“Of all the paths you take in life, make sure a few of them are dirt.” ~ John Muir
Recently, I’ve become enamored with a method of movement called parkour. If you haven’t heard of it before, parkour is really quite spectacular to watch! Check it out on YouTube when you have a few minutes and be prepared to be mesmerized!
If you looked up parkour videos just now, you’re probably thinking, “Are you crazy? I could never do that!” Yet, what parkour is really all about is incorporating numerous ways of moving that include running, jumping, balancing, hanging and climbing, with a large helping of creativity and play!
What I like about parkour is that it’s natural movement. The basic premise is to move in ways that are natural to our species, as opposed to isolating muscles and performing monotonous, repetitive tasks in a gym. This is the essence of what parkour is about, moving freely in ways that incorporate your entire body working in sync, in a functional manner, while making the most of the natural environment.
First, let's head outside!
You don’t have to be talented at gymnastics or be able to do leap from building to building doing death-defying flips at great heights! Rather, its about doing the things that you used to do easily as a kid, like climbing trees or playing “the ground is lava,” in order to move your body in ways ways you could never achieve in a gym!

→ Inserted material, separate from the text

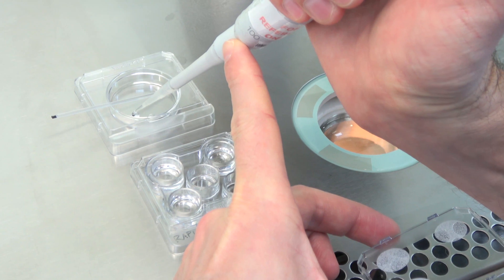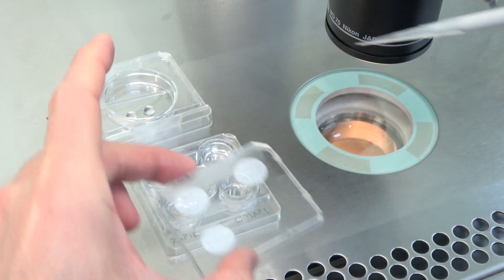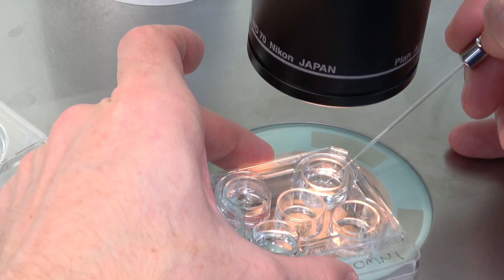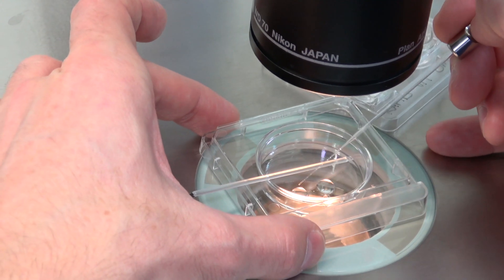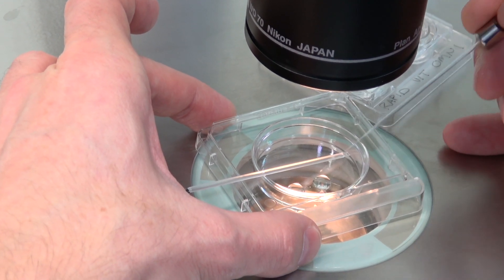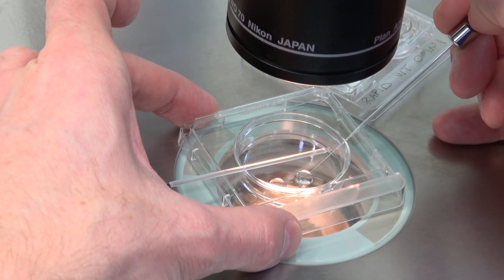When less than 30 seconds in the second solution remains, make two 50 microlitre droplets of the third solution on a sterile, non-toxic surface, preferably a culture dish. Prime the pipette with the third solution and move your oocytes or embryos into the first droplet. Expel the remaining media outside of the droplet and prime your pipette again from the second droplet. Immediately transfer the oocytes or embryos into the second droplet.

I wrote recently about the many benefits of working out in the outdoors, but wanted to expand further on the topic. With my photographer/husband in tow, I headed out to my local park to illustrate several ways you can use the natural environment to take your daily run or walk to the next level!

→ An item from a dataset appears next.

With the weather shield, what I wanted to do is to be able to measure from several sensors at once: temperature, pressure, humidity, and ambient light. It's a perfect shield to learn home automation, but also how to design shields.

My nearest park doubles as the playing fields for the local high school, so I often include speeding up the bleachers into my daily routine! Stair climbing strengthens the same muscles as lunges and squats, and taxes your lungs and heart as you power to the top. It also forces you to utilize muscles muscles that you wouldn't normally use while running or using weight machines, increasing stabilization and balance. To keep it interesting, change it up by skipping a step for deep lunges, or jumping from step to step.
Take to the hills
I’m a walker, rather than a runner, but a few hill sprints provides high-intensity interval training that doesn’t bother my old knee injuries! Hill sprints are short, maximum-intensity sprints up a steep hill, but due to the inclined surface, there is less risk of injury as opposed to performing intervals on flat surfaces, and more control can be used than when running, cycling, walking, and even the elliptical!
A balancing act
Whether you use a balance beam, a curb, a low wall or a fallen tree, engaging in a controlled wobble activates deep core muscles to help tighten the midsection. My park has numerous trees that have fallen and make for an excellent balance beam! Be careful though because they can get a pretty slippery on rainy days!
Climb to the top
Climbing requires much more than upper body strength, it relies on a long list of physical factors, including intricate footwork, lower body strength and lean muscle mass. Furthermore, ascending walls is a sure way to get your heart pumping, similar to the way climbing stair or jogging does. Why not try giving tree climbing a go, or boulders or the jungle gym at the kids playground!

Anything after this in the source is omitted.